» **Exercise requirements**
Without the pictures, print each of the records below exactly as it appears.

[Records from a dataset]
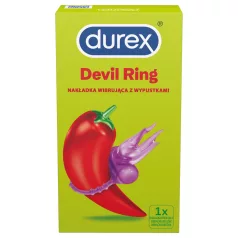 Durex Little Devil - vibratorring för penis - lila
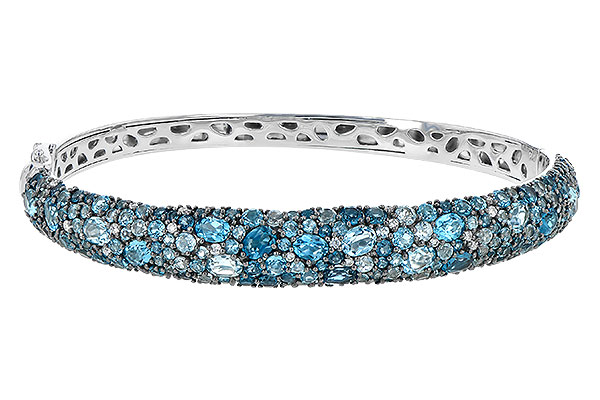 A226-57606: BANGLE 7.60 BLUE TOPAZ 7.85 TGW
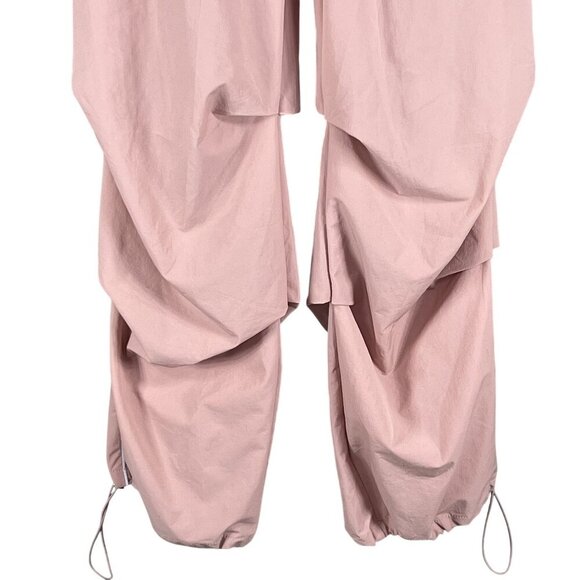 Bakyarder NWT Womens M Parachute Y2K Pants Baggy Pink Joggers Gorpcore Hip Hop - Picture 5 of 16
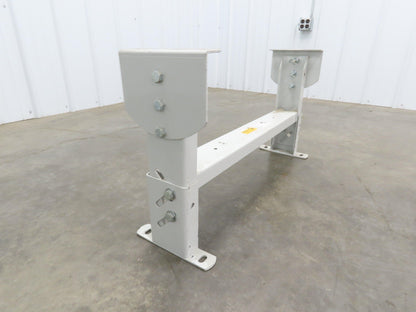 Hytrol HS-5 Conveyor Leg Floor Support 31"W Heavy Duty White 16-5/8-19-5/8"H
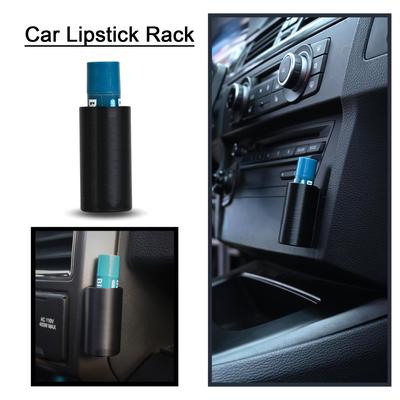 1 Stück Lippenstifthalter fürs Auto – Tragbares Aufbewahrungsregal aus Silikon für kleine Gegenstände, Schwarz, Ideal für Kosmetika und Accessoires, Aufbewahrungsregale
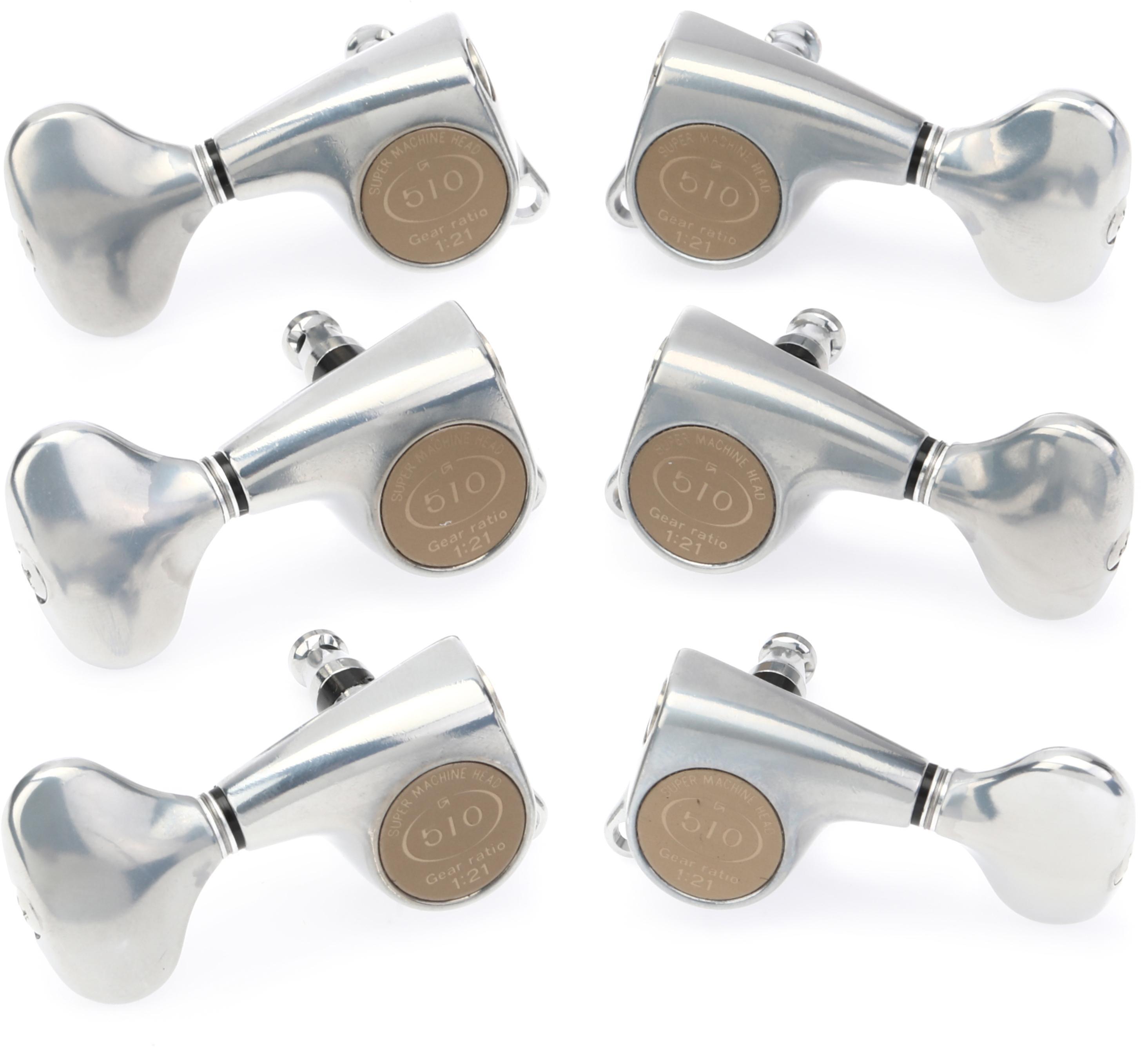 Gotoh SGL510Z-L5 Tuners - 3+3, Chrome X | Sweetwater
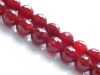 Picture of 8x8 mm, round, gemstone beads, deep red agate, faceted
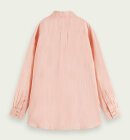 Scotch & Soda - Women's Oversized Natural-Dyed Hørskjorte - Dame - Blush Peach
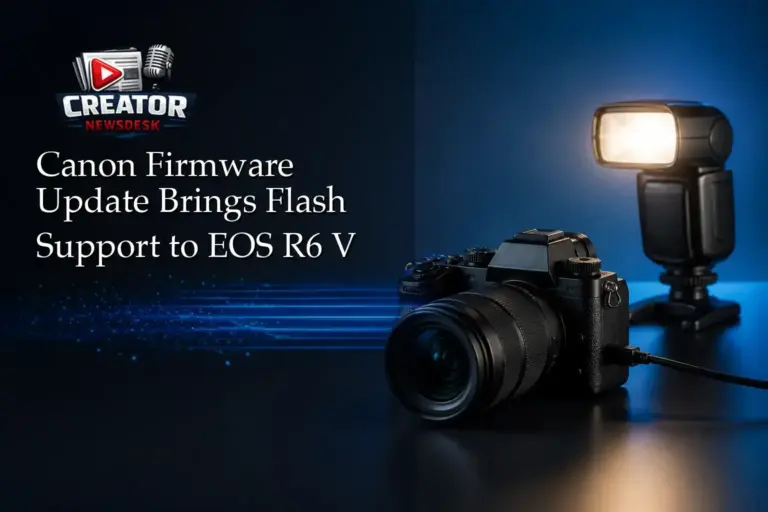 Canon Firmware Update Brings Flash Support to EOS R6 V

» **Your solution**
 Durex Little Devil - vibratorring för penis - lila
 A226-57606: BANGLE 7.60 BLUE TOPAZ 7.85 TGW
 Bakyarder NWT Womens M Parachute Y2K Pants Baggy Pink Joggers Gorpcore Hip Hop - Picture 5 of 16
 Hytrol HS-5 Conveyor Leg Floor Support 31"W Heavy Duty White 16-5/8-19-5/8"H
 1 Stück Lippenstifthalter fürs Auto – Tragbares Aufbewahrungsregal aus Silikon für kleine Gegenstände, Schwarz, Ideal für Kosmetika und Accessoires, Aufbewahrungsregale
 Gotoh SGL510Z-L5 Tuners - 3+3, Chrome X | Sweetwater
 Picture of 8x8 mm, round, gemstone beads, deep red agate, faceted
 Scotch & Soda - Women's Oversized Natural-Dyed Hørskjorte - Dame - Blush Peach
 Canon Firmware Update Brings Flash Support to EOS R6 V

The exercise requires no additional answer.